DATA:
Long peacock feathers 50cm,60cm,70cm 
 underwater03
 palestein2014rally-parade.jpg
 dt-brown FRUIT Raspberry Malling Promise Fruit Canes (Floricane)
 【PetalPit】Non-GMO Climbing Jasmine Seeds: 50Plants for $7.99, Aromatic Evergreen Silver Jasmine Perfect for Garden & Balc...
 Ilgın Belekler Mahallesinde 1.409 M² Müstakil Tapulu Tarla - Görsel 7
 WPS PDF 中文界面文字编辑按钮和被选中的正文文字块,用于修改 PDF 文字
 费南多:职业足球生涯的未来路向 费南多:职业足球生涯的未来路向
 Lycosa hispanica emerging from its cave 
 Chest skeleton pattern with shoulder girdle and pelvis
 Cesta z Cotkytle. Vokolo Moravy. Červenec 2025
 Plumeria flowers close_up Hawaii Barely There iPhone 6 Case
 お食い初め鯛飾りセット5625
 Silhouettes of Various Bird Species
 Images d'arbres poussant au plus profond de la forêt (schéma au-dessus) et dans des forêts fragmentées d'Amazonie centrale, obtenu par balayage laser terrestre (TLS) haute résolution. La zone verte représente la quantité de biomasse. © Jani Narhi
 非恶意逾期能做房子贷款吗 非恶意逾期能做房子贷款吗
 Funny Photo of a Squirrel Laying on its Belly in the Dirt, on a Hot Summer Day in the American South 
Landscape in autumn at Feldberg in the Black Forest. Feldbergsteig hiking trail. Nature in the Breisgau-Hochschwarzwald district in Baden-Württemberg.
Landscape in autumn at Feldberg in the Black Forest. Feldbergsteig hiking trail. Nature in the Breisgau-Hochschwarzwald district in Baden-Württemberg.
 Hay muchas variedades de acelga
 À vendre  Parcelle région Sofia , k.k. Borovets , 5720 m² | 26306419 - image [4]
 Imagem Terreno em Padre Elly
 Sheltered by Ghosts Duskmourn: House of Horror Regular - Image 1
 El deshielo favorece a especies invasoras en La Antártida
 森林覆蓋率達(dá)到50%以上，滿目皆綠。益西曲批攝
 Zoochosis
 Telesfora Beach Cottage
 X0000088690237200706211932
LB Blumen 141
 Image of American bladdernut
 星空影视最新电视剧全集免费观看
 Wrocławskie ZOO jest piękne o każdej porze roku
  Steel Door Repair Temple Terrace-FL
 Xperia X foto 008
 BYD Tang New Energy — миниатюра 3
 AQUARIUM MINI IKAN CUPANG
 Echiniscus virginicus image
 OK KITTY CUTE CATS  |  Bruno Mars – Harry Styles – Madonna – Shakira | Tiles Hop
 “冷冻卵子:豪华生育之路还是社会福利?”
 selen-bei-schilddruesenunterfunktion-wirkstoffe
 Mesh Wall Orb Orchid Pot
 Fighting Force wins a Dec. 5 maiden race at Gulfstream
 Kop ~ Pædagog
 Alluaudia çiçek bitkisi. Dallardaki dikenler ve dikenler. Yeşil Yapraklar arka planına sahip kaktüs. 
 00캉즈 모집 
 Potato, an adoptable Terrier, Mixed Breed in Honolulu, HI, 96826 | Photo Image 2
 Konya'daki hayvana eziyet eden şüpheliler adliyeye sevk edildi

EXERCISE:
Lines above that include the string "American" need to be copied.

YOUR SOLUTION:
 Funny Photo of a Squirrel Laying on its Belly in the Dirt, on a Hot Summer Day in the American South 
 Image of American bladdernut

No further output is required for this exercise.